Play Therapy works if you work it. It’s not a quick fix. It’s not a list of “do this, this, and this and things will be better.” My daughter and I “played” with Ms. Rebecca on a weekly basis, an hour at a time for about four months. At the same time I read two books, and one of the books was about “special playtime” with your child. It had a workbook that went with it. As I read through the book, I did the assignments in the workbook. I met with Ms. Rebecca every other week alone, and we discussed the workbook, the book, and how things were going at home. The goal was, when I finished the book and workbook, I would start doing “special playtime” with Natalie at home as well as with Ms. Rebecca. Once I got comfortable with the play sessions at home and we were making progress with her behavior, we would “graduate” from seeing Ms. Rebecca. Natalie and I would continue our 30-minute sessions weekly at home. It took commitment to keep doing it on our own, but we were seeing positive changes with her. We’ve also learned how to recognize when she’s starting to get upset, and we remind ourselves the new approach to handling it. These days I can usually thwart the problem before anger kicks in.

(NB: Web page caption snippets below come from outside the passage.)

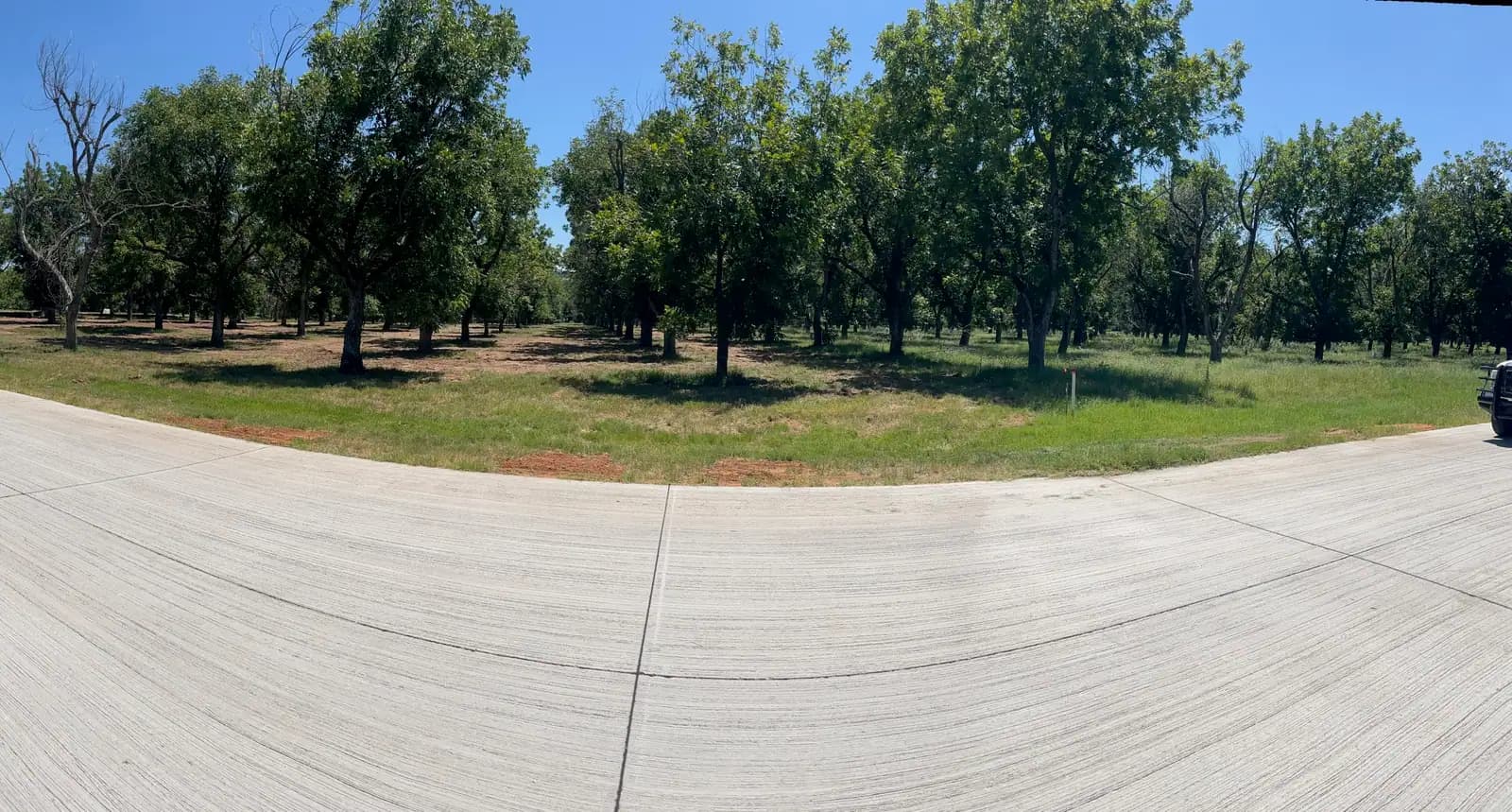 Driveway and road edge through a pecan orchard maintained by Black Knuckle Land Management near Granbury, TX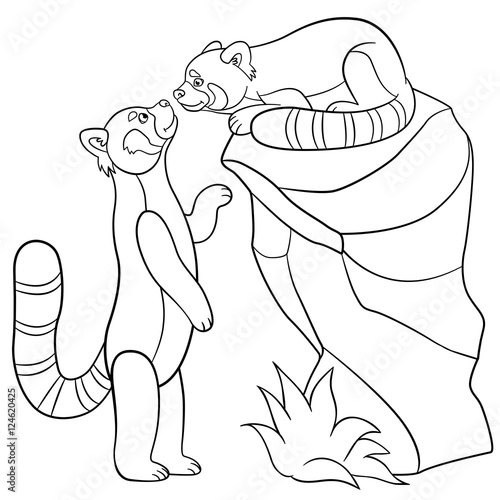 Fototapeta Naklejka Na Ścianę i Meble -  Coloring pages. Two little cute red pandas.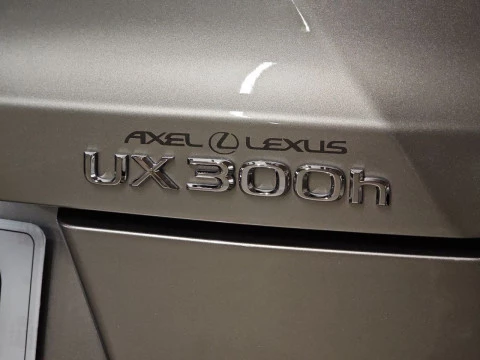Lexus UX 2.0 300h UX Plus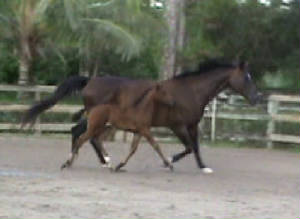 2010Foals/Libby-Big-trot-with-Mom.jpg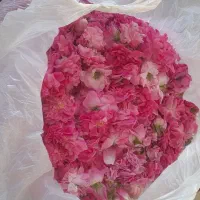 گل محمدی|گل و گیاه طبیعی|همدان, |دیوار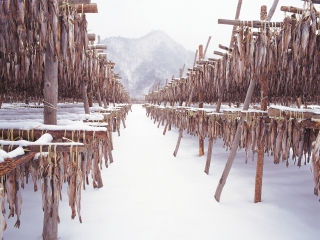 2021年泰國(guó)普吉島旅游團(tuán)報(bào)價(jià)_泰國(guó)普吉島旅游花費(fèi)一般多少_泰國(guó)普吉島特價(jià)旅游團(tuán)報(bào)價(jià)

It’s been seven months since we graduated from seeing Ms. Rebecca, and our lives are so much more peaceful. It’s given me such an insight to Natalie and how she processes things that I started doing special playtime with our older daughter, Katie. Her playtime looks different from Natalie’s because she’s three years older, but basically it’s a 30-minute period of time where I do nothing except focus on Katie. We do whatever she wants. Sometimes we play a game. Sometimes we do art. Sometimes we build things, but no matter what, it’s her time with my complete attention, no interruptions, no phone calls, no one else in the room. Just us playing, talking, learning about her, listening to her.

To sum it all up, Play Therapy changed our family dynamic. I highly recommend it for anyone who is having behavior problems with their child(ren) and are desperate for help. It is a commitment; it is hard work. But it is worth it!